I can’t even say that I necessarily kept my spirits raised the entire time. I still put all of the effort that I could muster into each application, but I was incredibly discouraged. Eventually, even the friends who had been in the same boat as me for a while were starting to secure summer jobs. And, of course, I was always happy for them, but every shout of celebration that I gave on their behalf reinforced the internalized disappointment and sadness that I was grappling with. I felt overwhelmingly mediocre.
I told myself that everything was going to work out, and I was trusting and believing that it would, but I felt so left out whenever people would begin excitedly detailing their plans for the summer. I would silently look down at my lap and wait for the conversation to change, hoping that no one noticed my silence and attempted to help by bringing me into the conversation, because that would have made it worse.
“What are you doing this summer?”
“I’m not sure yet.”
Then a sad look and a sympathetic head nod that I truly just did not need or want.

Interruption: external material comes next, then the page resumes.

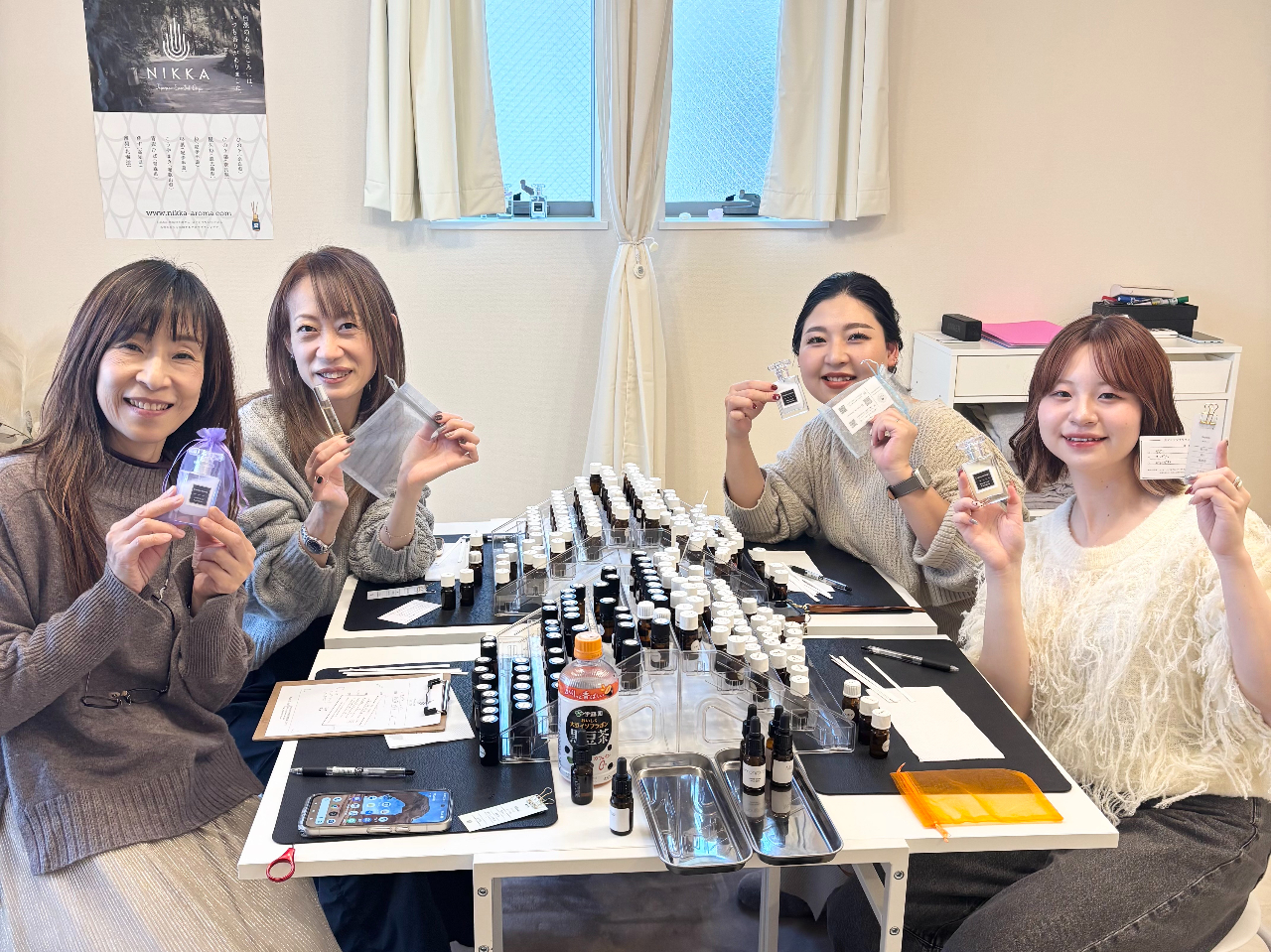 ���q�ό��̂ЂƂɁE�E�E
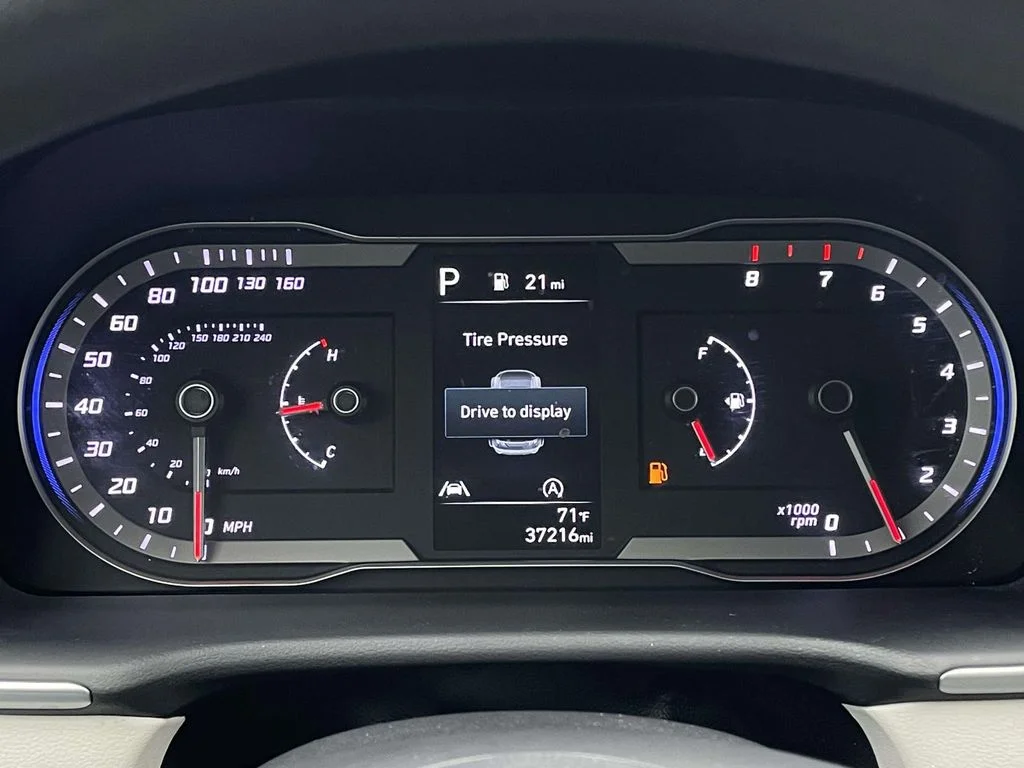 Used 2023 Serenity White Pearl Hyundai SEL image 14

Thankfully, my friends from home provided a sort of safe haven — a means of escape from the building pressure that I felt here. Many of them are working in restaurants or retail this summer, or just doing whatever they enjoy. They would tell me that it’s only the summer after my sophomore year, and that I can always just come home, because it really doesn’t matter that much. And that’s the thing. I know that the mindset at this school is not the norm. But it has become my norm, and it’s incredibly difficult to snap myself out of it.
I wish I could say that I look back now and know that I was just being dramatic. That it was never that big of a deal and not worth all of the tears I shed. And, yes, that is technically true. Outside of this Stanford bubble, that is very true. Having an internship aligned with my interests this summer was not going to make or break the trajectory of my entire life. I would have moved past this, and I’m sure I would have enjoyed my summer regardless. However, within this Stanford bubble, that is not how it feels at all. It feels necessary.
Even if we take the peer pressure out of the picture, I definitely still wanted this internship experience for myself, and I am so incredibly excited to be working at a literary agency in New York this summer. I know that I’m going to be doing work that I genuinely enjoy, and it will be a great social experience, as well. But the main reason that I was so stressed about it was because I felt that I needed to be; it was like an obligation.
Although it was the question that I despised more than anything just a few weeks ago, I’ve been finding myself wanting to pose the question to everyone else now that I actually have an answer to it. So, I suppose I can’t really blame anyone who asked me the question themselves. Maybe once the burden is no longer on your own shoulders, it’s difficult to remember what it feels like on the other side. To anyone who had a difficult or stressful time securing their summer plans, please do not be discouraged by the outcome, whatever it may be. And for those of you who have been lucky enough to know what you are doing this summer since the fall, remember that not everyone can say the same. And maybe not everyone wants to talk about what they’re doing this summer. And that’s okay.